Masyarakat Blang Pase Berang: Oknum Wartawan dan LSM Diduga Coreng Nama Baik Gampong







Langsa – Jurnalinvestigasimabes.com | Masyarakat Gampong Blang Pase, Kota Langsa, Provinsi Aceh, dibuat berang dengan pemberitaan sepihak yang dirilis oleh salah satu media online yang dikabarkan ditulis oleh oknum wartawan berinisial PB. Pemberitaan yang tayang pada Minggu, 25 Mei tersebut, menyulut amarah warga karena dinilai mengandung fitnah yang merusak nama baik gampong.


Dalam laporan media tersebut, disebutkan bahwa di Gampong Blang Pase terdapat banyak lokasi perjinahan atau aktivitas prostitusi yang merajalela. Tak hanya itu, warga juga mencurigai keterlibatan oknum Pegawai Negeri Sipil (PNS) yang berafiliasi dengan sebuah Lembaga Swadaya Masyarakat (LSM), dalam menyebarkan informasi yang belum terbukti kebenarannya.


Merespons hal tersebut, salah satu tokoh pemuda Gampong Blang Pase, Maknes, secara tegas membantah tudingan tersebut.
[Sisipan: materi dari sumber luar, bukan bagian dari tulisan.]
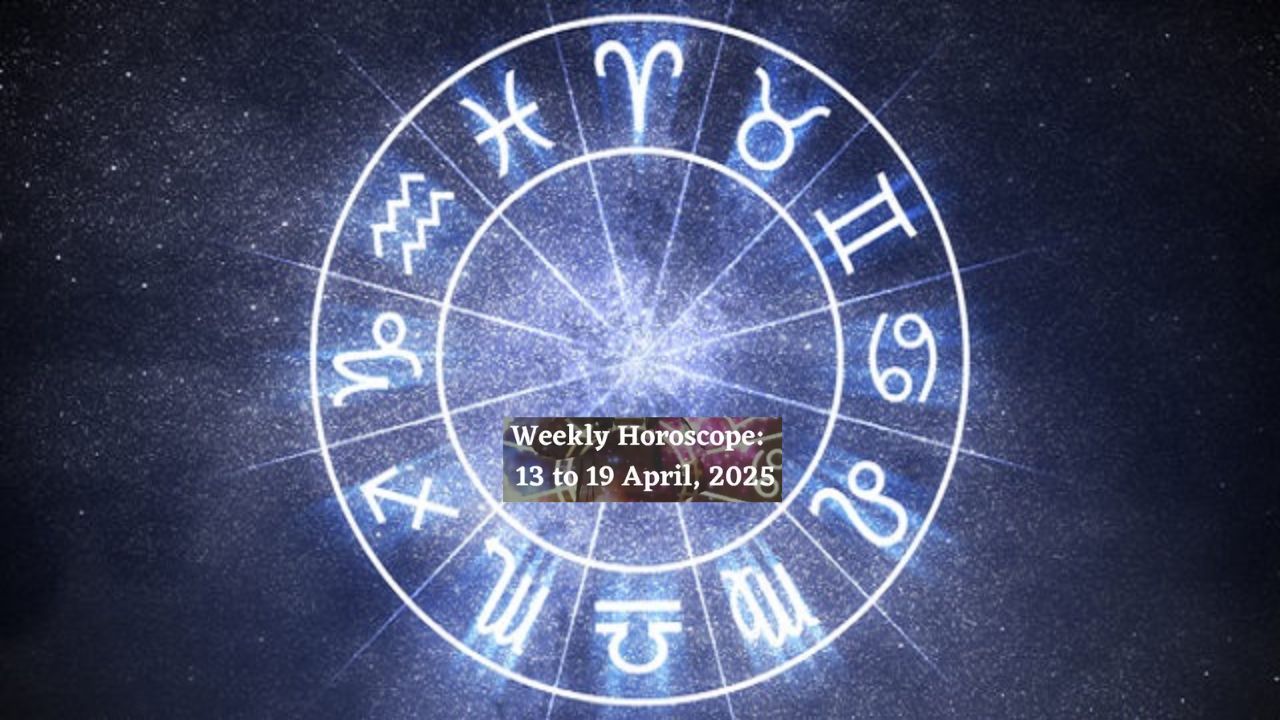 Weekly Horoscope 2025 April Astro Predictions Zodiac Signs Pisces Sun Signs Astrology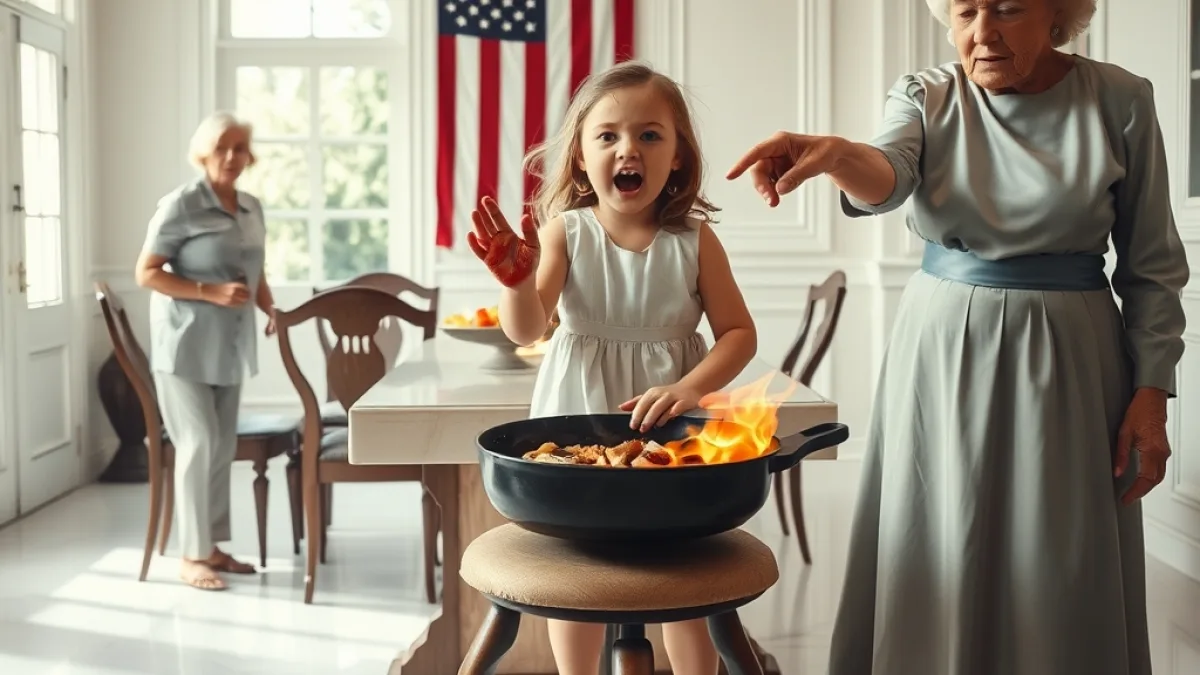 A Father Protects His Daughter From A Cruel Family Tradition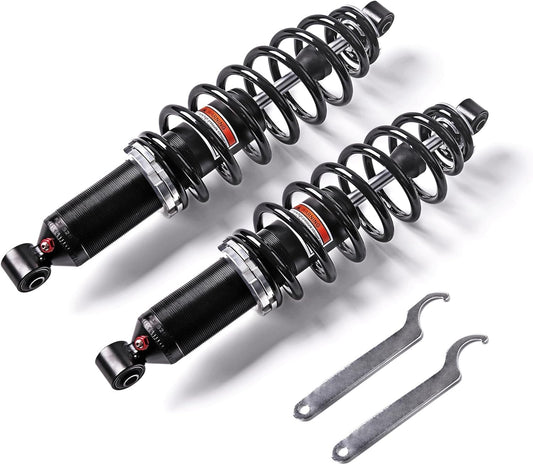 2X Rear Left Right Shocks Monotube Shocks Compatible with 2005-2018 Polaris Sportsman 700 Twin EFI 800 EFI 600 Twin 400 4x4 450 500 HO 570 X2 570 EPS 7043100 2 pcs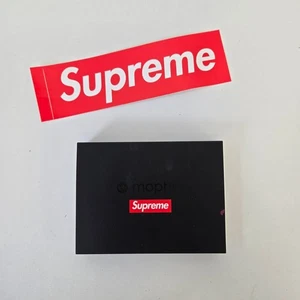 Supreme Mophie Encore Plus 10K Rojo Blanco Logo Nuevo - Imagen 1 de 7
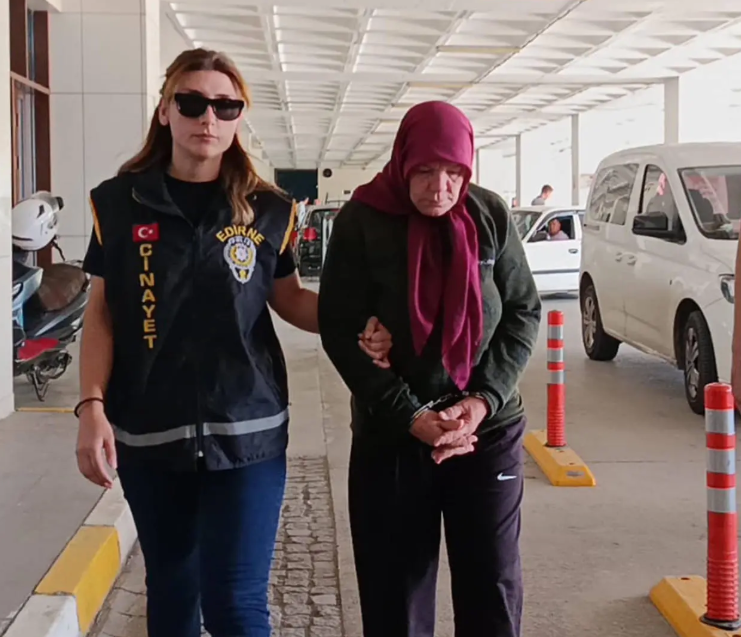 66 yaşındaki kadın Yunanistan’a kaçarken sınırda yakalandı! Sebebi dudak uçuklattı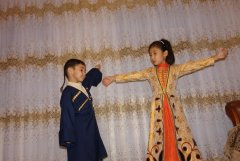 Лезгинка-это танец Кавказа, но танцует её Ногаец-Айдар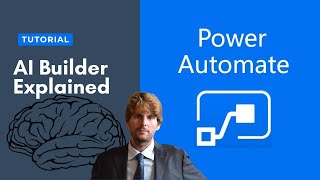 Microsoft Power Automate Tutorial  AI Builder Explained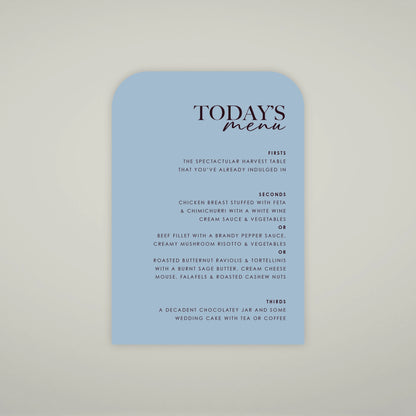 Place Menu - Forever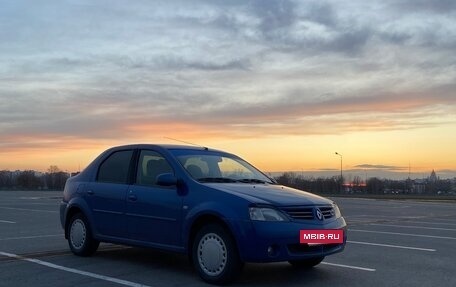Renault Logan I, 2007 год, 300 000 рублей, 10 фотография
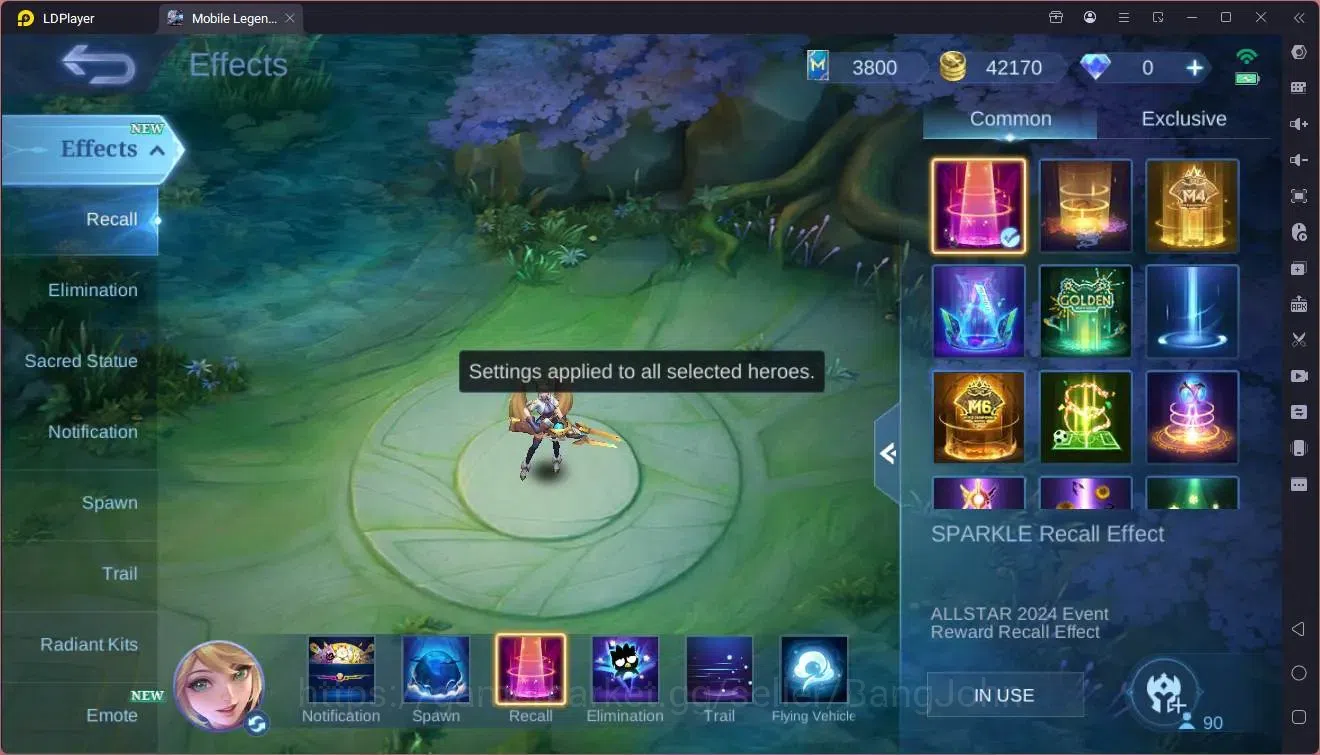 Mobile Legends: Bang Bang Accounts Global|Hero 90|Skin 168|Expert|TFM Roger|CC Natali image 20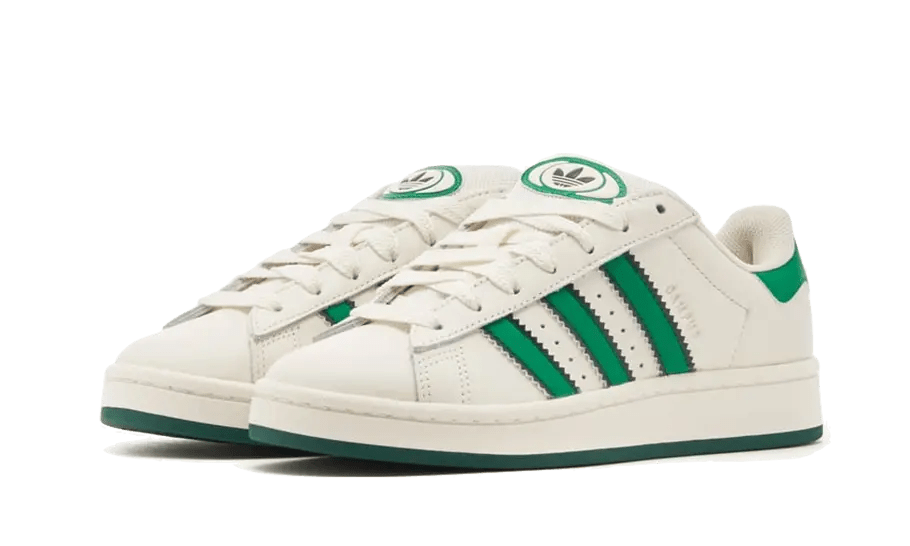 Adidas Campus 00s Core White Green - HyphedKickz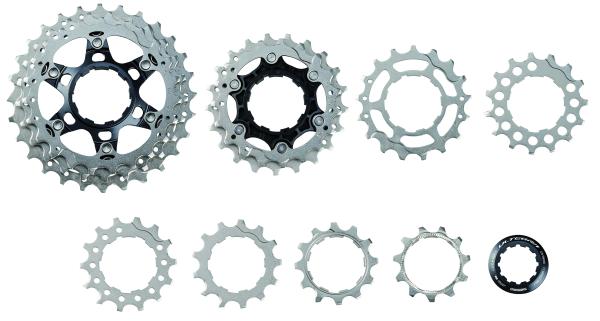 Shimano Kassette ULTEGRA CS-R8000 11-Gang 11-30 Z&auml;hne  Produktbild 1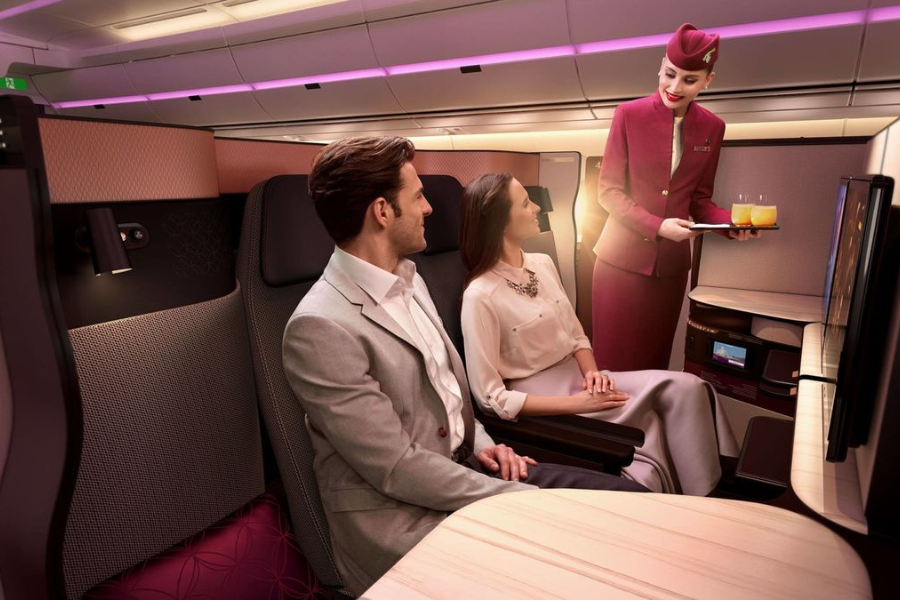 Qatar Airways Business Class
Dalam keterangannya, Maknes menyebut bahwa berita yang diterbitkan oleh media tersebut adalah opini sepihak yang tidak berdasar dan tidak dapat dipertanggungjawabkan secara hukum maupun moral.


> "Mana ada maraknya maksiat atau tempat perjinahan di gampong kami Blang Pase? Itu fitnah yang sangat keji dan menyakitkan. Sebagai warga setempat, saya tidak bisa menerima nama baik gampong kami dicoreng dengan berita yang tendensius dan sarat muatan fitnah seperti itu," tegas Maknes dengan nada kesal.




Lebih lanjut, Maknes meminta kepada oknum wartawan berinisial PB serta oknum LSM yang diduga juga merupakan seorang PNS, untuk segera membuktikan klaim mereka dan menunjukkan lokasi yang dimaksud. Ia juga mendesak agar klarifikasi resmi segera dilakukan kepada Geuchik atau pimpinan Gampong Blang Pase sebagai pihak yang berwenang.


> "Kami tantang mereka untuk membuktikan tuduhan itu! Jangan hanya menulis seenaknya tanpa ada konfirmasi atau verifikasi langsung ke pihak kami," tambahnya.




Sikap serupa juga disampaikan oleh warga lainnya yang tidak ingin disebutkan namanya. Ia menyayangkan pemberitaan tersebut karena menimbulkan kegaduhan dan mencoreng citra Gampong Blang Pase di mata masyarakat luas.


> "Saya sangat kecewa. Kalau memang ada bukti, silakan tunjukkan. Jangan asal tuding tanpa dasar. Ini bukan hanya mencemarkan nama gampong, tapi juga membuat kami seolah-olah tidak punya nilai moral dan agama," ujarnya geram.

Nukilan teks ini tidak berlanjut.